年齢こそ周囲の選手と変わりないようだが、モデルや俳優のような際立ったスタイルの良さがまず目に留まり、隙のない立ち振る舞いに思わず感嘆の息が漏れる。白いユニフォームに薄っすらと透けたタトゥーや年齢と共に重ねられた皺をも武器とした勝ち気で色気を含んだ顔立ちをしていて、ダンディなロマンスグレーという言葉を寸分違わず体現している。
はっきり言って、エイゼルと並び立っても遜色がない男性だった。
「ジョーンズ編集長は名前こそクラシカルですが、見目は洒落者の美人さんですね」
「彼も好みなんだ? って本当に面食いだよね」
「面食いには同意しますが、綺麗な方だと思うだけで好みではありませんよ。ついでに、顔立ちの良し悪しはお慕いする理由になりません」
「私にメルヴィッド、アークタルス様にレギュラスが居るのに?」
「残念ながら、リックを忘れています。英雄たる彼には強い敬慕を抱いていますが、容姿は十人並みで美人の範疇に入りません」
「残念ついでに一応訊いておくけど、クリーチャーはどうなのかな」
「クリーチャーは可愛らしい区分なので美人とはまた違いますね。因みにギモーヴさんもルドルフもぬいぐるみも人形達も同じ区分けに属しています」
クリーチャーには言及したのにジョン・スミスを除外したのは無意識なのだろうか、それとも意図的なのだろうかと下らない事を考えながら真顔で返すと、今後私に可愛いと評された物体は全てその外見を疑うと宣言される。
私が感じる可愛いには様々な意味が含まれているのだが、詳細を説明する必要も感じないのでこのまま省いておこう。共に暮らしている分霊箱の3人とブラック家の2人を見ていれば判るだろう、美人と可愛いは両立するのだ。
「あ、アウトだ」
「本当ですね」
そんな中、人間の美醜になど欠片も興味がないルドルフ君が顔を動かし試合風景に視線を移したので2人してつられて見てみると、薄い雲に覆われた空に再び打ち上げられたボールが投手の手の中に収まる瞬間を捉える事が出来た。
アウトを取ったにも関わらず盛大なブーイングに見舞われているのだが、あれは紳士のスポーツと名高いクリケット的に大丈夫なのだろうか。普段ノーコンの癖に孫の前でだけ良い格好しているなと文句を言っている味方選手の気持ちは判らないでもないが。
尤もデイヴィッド・ジョーンズは気にしているどころか芝居がかった仕草で腕を組み、どうだ羨ましいだろう等と大声で口にしているので心配する必要は微塵もないようだ。
先程まではのんびりとした牧歌的な雰囲気だった筈なのだが、私達の来訪により今やその姿は掻き消えてしまっている。次の打者への声援が凄まじい事になっている光景を背にテントへ近付くと、中にはシェルタイプのフロアソファに体を預けて寛ぐ予想通りの人物と、床一面に敷かれた絨毯の上で鎮座する予想していなかった動物がいた。

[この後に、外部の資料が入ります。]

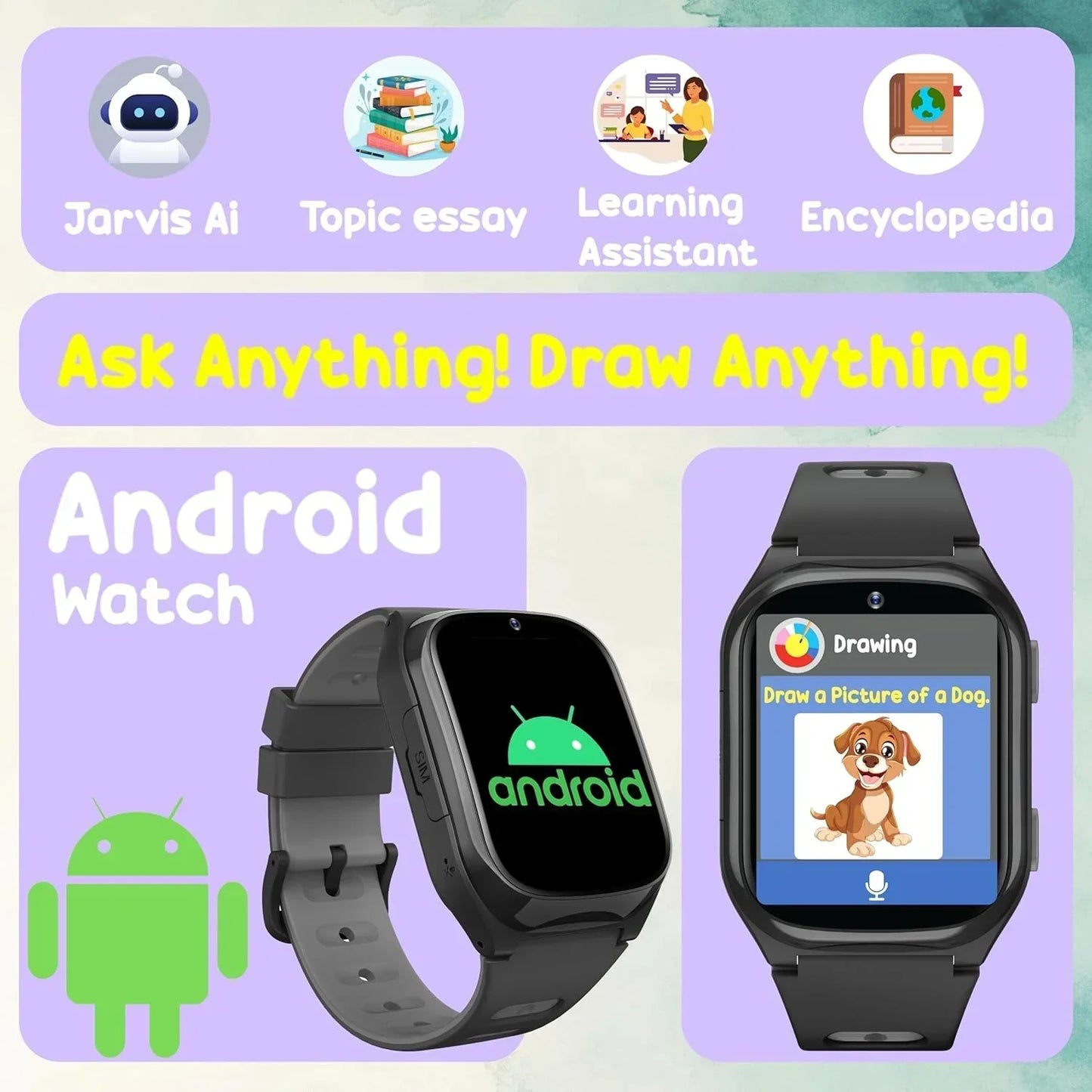 SPIKY Android 4G Video Calling Kids Smartwatch with Built in Jarvis AI | GPS Location Tracking | SOS, Water Resistant, 800 mah Super Battery | Suitable for 4 to 14 Years Kids- 3 colors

「とエイゼル、それにルドルフだったかな。よく来てくれたね」
「お久し振りです、アークタルス様。そちらの子は」
「ああ、ブラッドハウンドのフィリッパだ。宜しくしてやってくれ」
「フィリッパさんですか。初めまし、て」
土足で大丈夫だと告げられたので遠慮なくテントに入ると奇妙な感覚に襲われ思わず足が止まる。この表現が的確かどうかは判らないが、吸音材で囲まれた部屋に入った時の違和感と言えばいいのだろうか。打球音が、想像していたよりも遠くなったような気がする。
隣で律儀に止まってくれたルドルフ君は私を見上げて心配そうな顔をしてくれたが、部屋そのものに対して不審がった様子は見受けられない。どうかしたのかと声を掛けて来たエイゼルも平然としているように見えたが、彼の場合は演技かどうか判断が付かなかった。義眼さえあれば声や仕草に出さず問いかける事も出来たのだが、あれはエイゼルの手で現在改良中で手元というか目元にない。
取り敢えず誤魔化す為に絨毯が、とでも口にしておこう。実際、靴越しでも判る絨毯の上質さに笑顔が引き攣りそうになったのも事実だ。テントを目視した時にも思ったが、どう考えてもこんな田舎の草クリケット観戦には釣り合わない代物である。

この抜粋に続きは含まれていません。